Step 10: The Fun Step!!!

Thus we come to the point where I suggest that you have a moderate amount of skill with carpentry.  The process I use here is the same used to cut tenons in Mortise and tenon joinery.  It involves using the side of the saw blade to remove material and must be done carefully and in very small amounts at a time.  I suggest you wear a mask because you have to lean over the saw to see what you are doing.  The video will illustrate better.

Step 11: Chisel Time

The majority of the work on the cube is now done and it should be closer to resembling an actual companion cube.  The only problem left in front of you is a series of corners that need to be chamfered.  For this we use the chisel and hand chamfer them so that finally we end with the picture you see here.

Step 12: Finishing Touches

Last but not least you need to revisit the drill press.  Use your 1" hole saw and the 1/4" piece of long scrap to cut six 1" inch circles that will be glued to the faces.  Make sure that the circles are centered on the lines on the interior of the cube.
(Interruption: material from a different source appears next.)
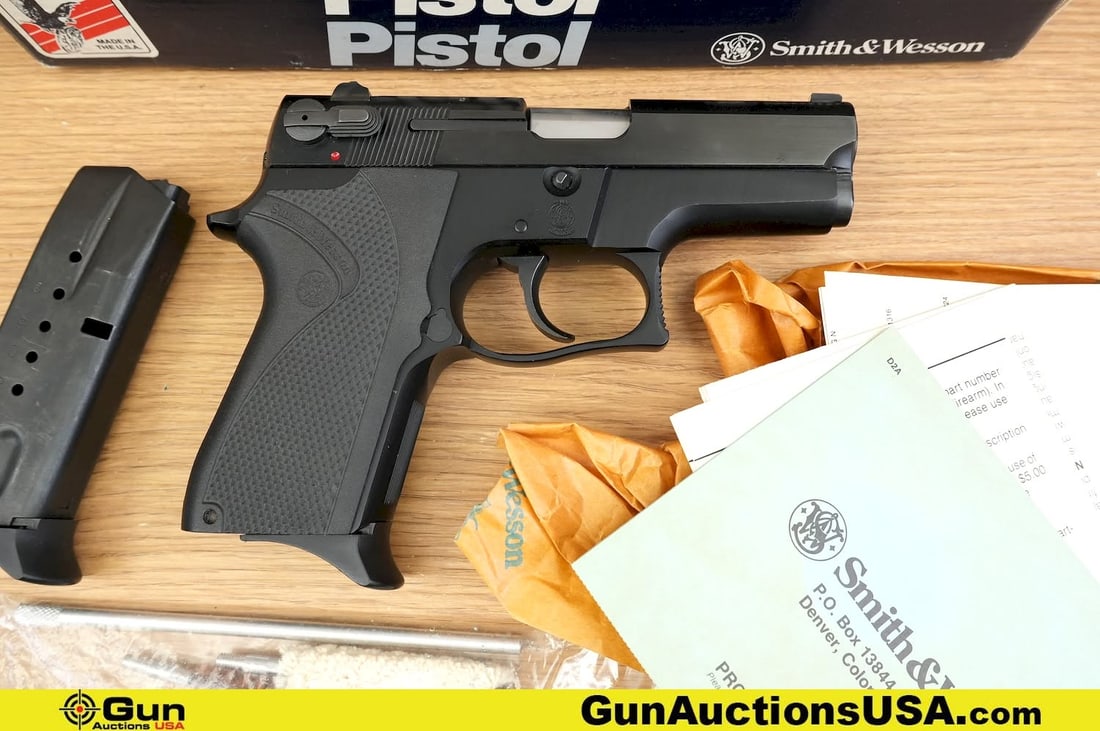 S&W 6904 9MM PARA APPEARS UNFIRED Pistol . Excellent. 3.5" Barrel. Shiny Bore, Tight Action Semi (1 of 17)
Step 13: Aperture Science Weighted Companion Cube

Thats the construction of the cube.  All that is left is to prime the cube and paint the corners and middle sections light grey.  Then paint the interior section dark grey.  I used paint swatches from lowes to make the hearts and then just used spray adhesive to stick them on the circles.  I hope you enjoy your new friend and remember, no matter what it might say, the companion cube is your friend and would never stab you!!!